Armé d’un esprit conquérant, d’un oeil acéré et d’un drapeau américain, le bon Mike débarque donc en Europe.
Première étape : l’Italie.
Là, il constate que les gens ont tous le teint hâlé et “l’air de gens qui viennent de faire faire l’amour”. Leur secret? Ils ont cinq semaines de congés payés, contre… zéro aux Etats-Unis, à moins de travailler dans une grande entreprise ou dans une branche où les syndicats sont très puissants (1).

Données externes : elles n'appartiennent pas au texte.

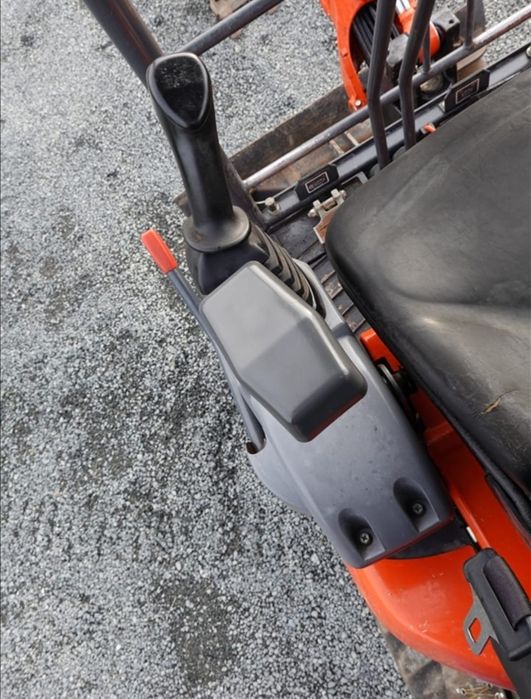 Mini excavator Kubota u17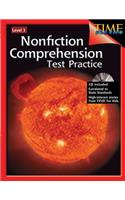 Nonfiction Comprehension Test Practice Level 3: (Nonfiction Comprehension Test Practice)
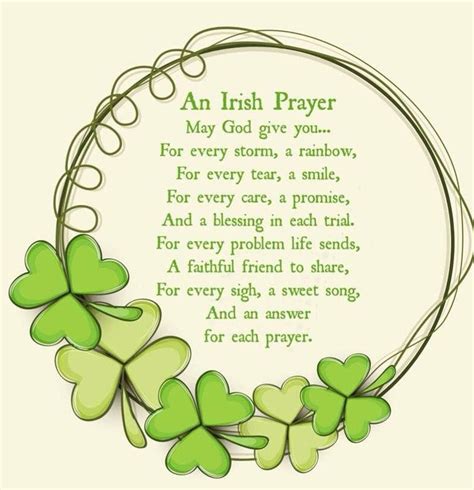 Irish Blessing Quotes Irish Prayer Irish Quotes Blessed Quotes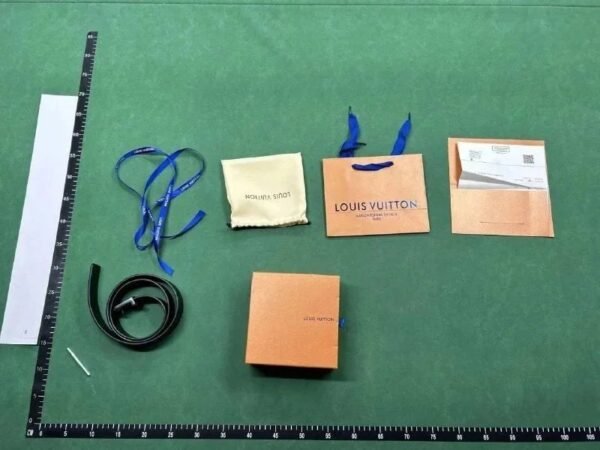 Louis Vuitton Damier Ebene & Monogram Belt [40 styles]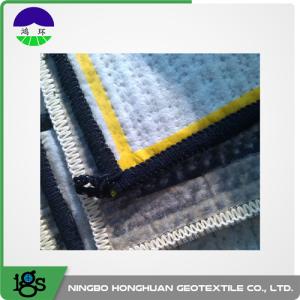 China Underground Reservoirs Geosynthetic Clay Liner With Woven Geotextile wholesale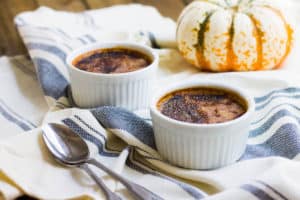 pumpkin crème brûlée image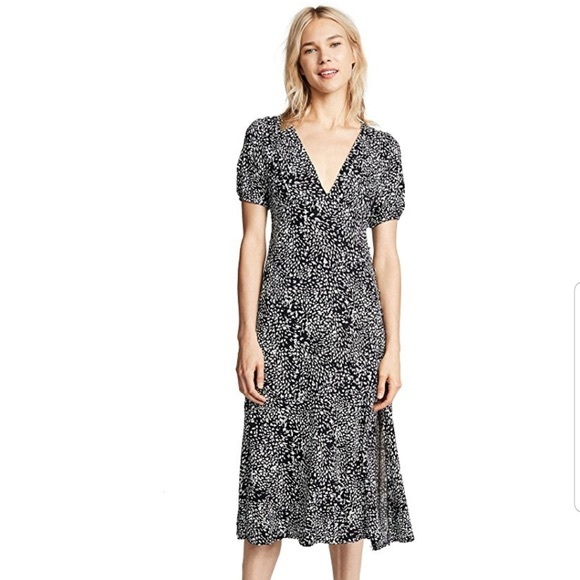 Free People Midi Dress NWOT - Picture 2 of 7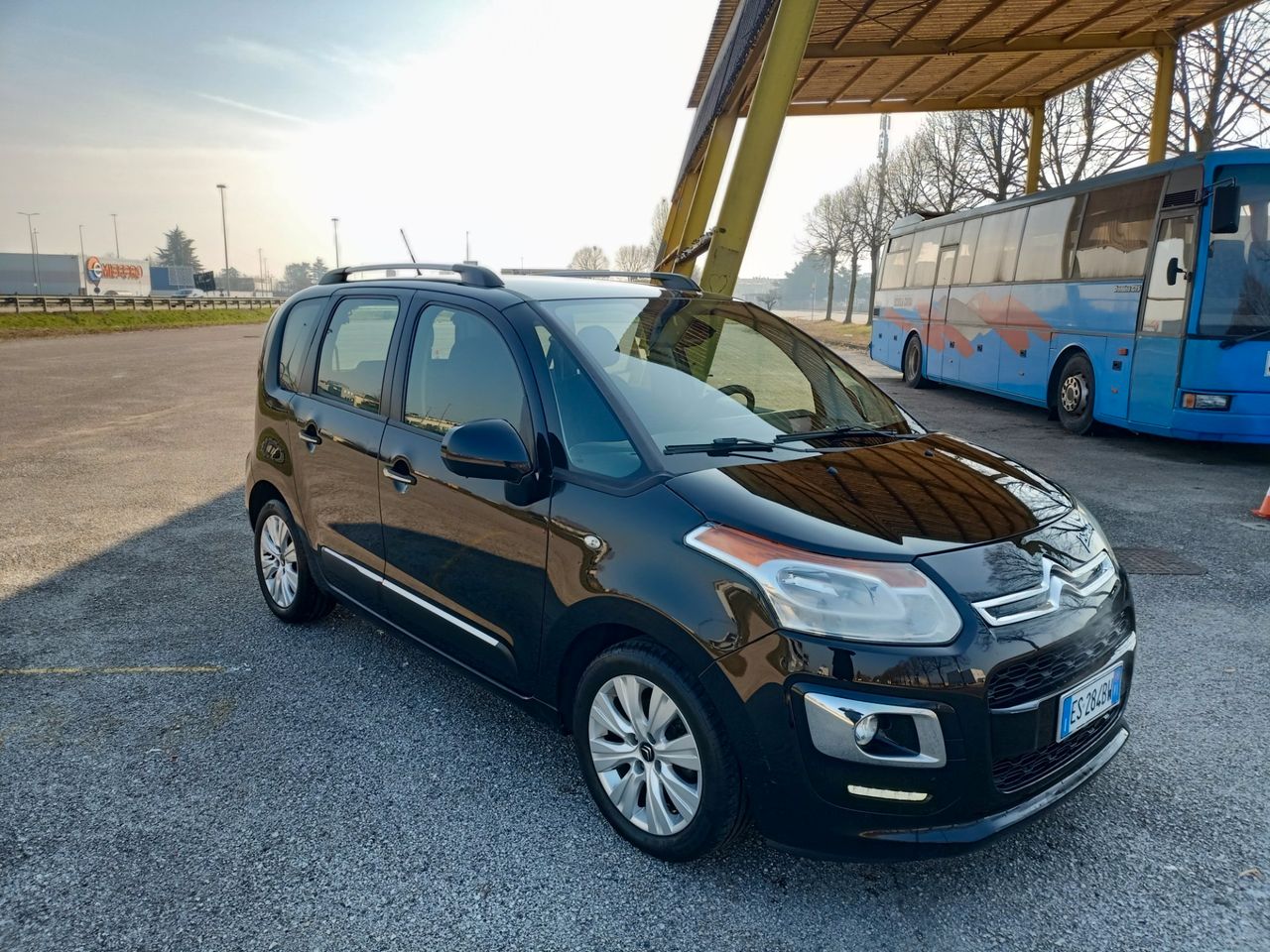 C3 Picasso 1.6 HDi 90 Exclusive Ok Neo patente Euro 5 b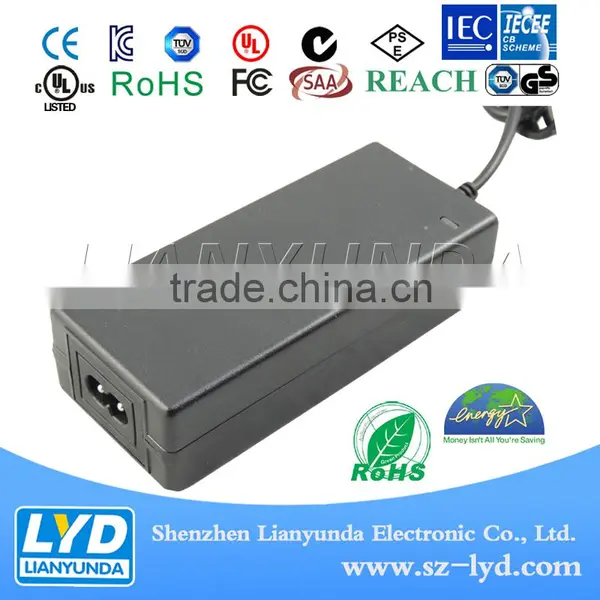 Holographic Projector Laser Christmas Outdoor Power Transformer 12v 5a 60w Adapter Supply With TUV GS Certifications photo-2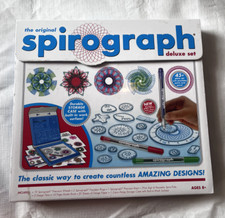 Original Duluxe Set Spirograph Full Set and Case Kahootz 8 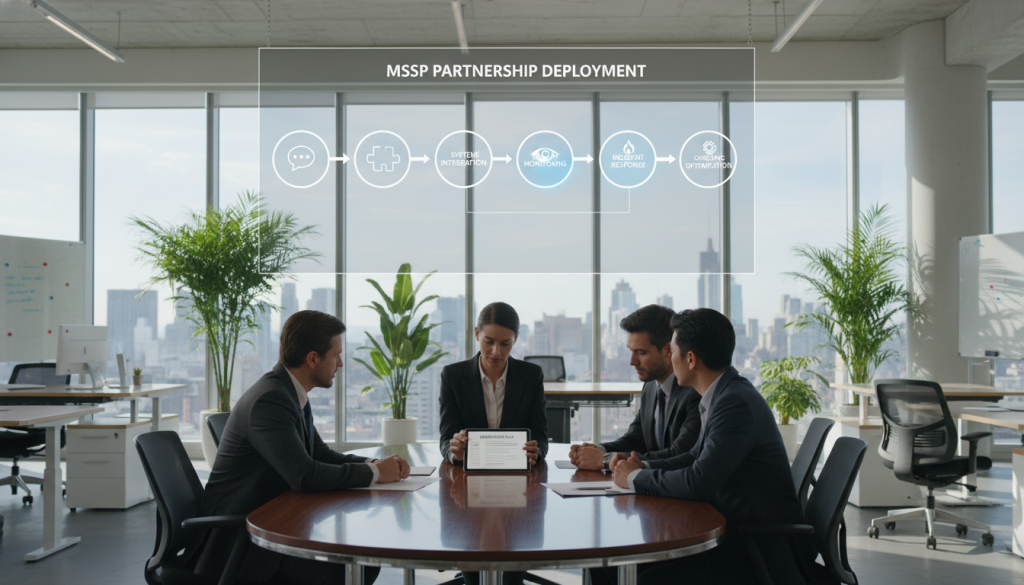 MSSP partnership deployment process
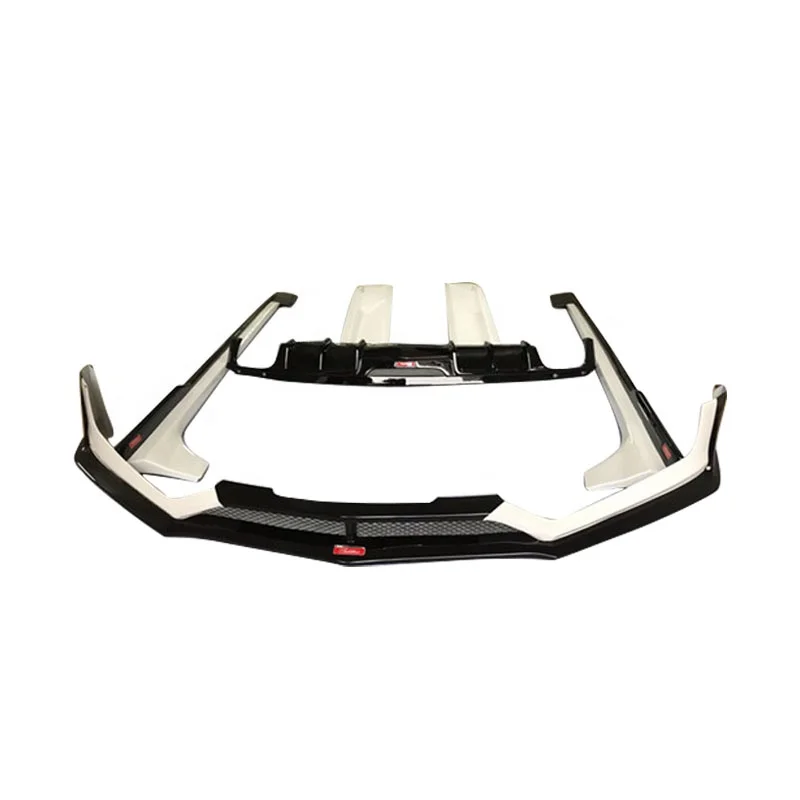 

Good Quality Upgrade to MT Style Car Body Kits for Cadillac CT6 2016-2019 ABS Material Front Lip Rear Lip Side Skirts Car Bumper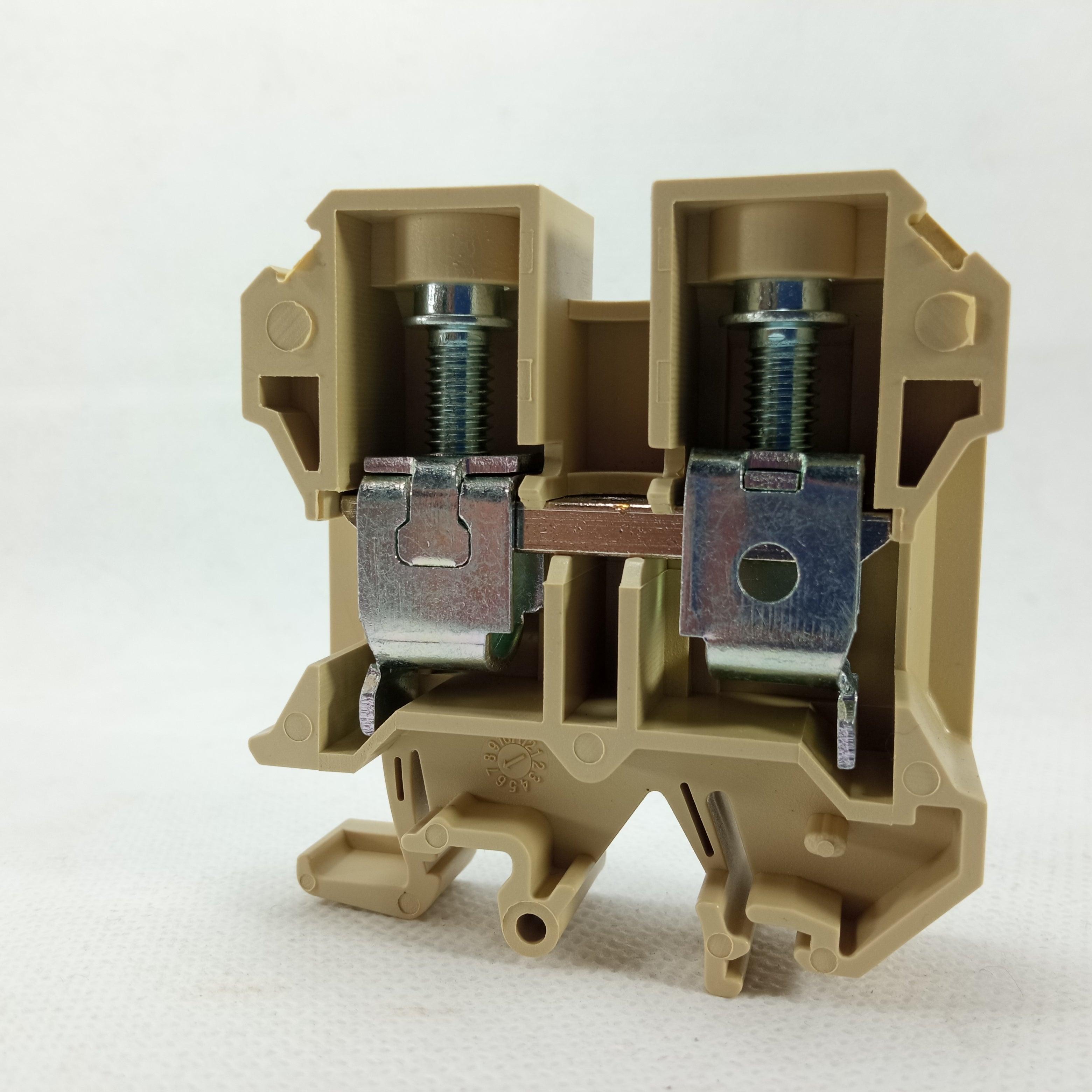 YALISI Din Rail Line Up Mounted Terminal Block in Pakistan - 240mm thumbnail 4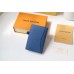 Louis Vuitton Pocket Organizer In Blue Taiga Leather M30790 Louis Vuitton Pocket Organizer In Blue Taiga Leather M30790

Pendant leurs vacances, les italiens se détendent, bronzent, profitent de la vie, découvrent même d’autres pays étrangers.
D’accord, mais comment paient-ils cela, se demande le cinéaste américain? Eh bien avec leur prime de treizième mois, répondent les italiens.
Quoi? Un mois de salaire en plus, sans travailler?!? Comment est-ce possible? Une telle chose est Inimaginable dans une société américaine! Les patrons italiens ont probablement dû accepter cette mesure sous la contrainte. Ce n’est pas possible autrement… Et pourtant, les patrons qu’il interroge sont tous ravis de ce système. Ils trouvent normal et sain que leurs employés prennent du bon temps et reviennent travailler en pleine forme après leurs congés.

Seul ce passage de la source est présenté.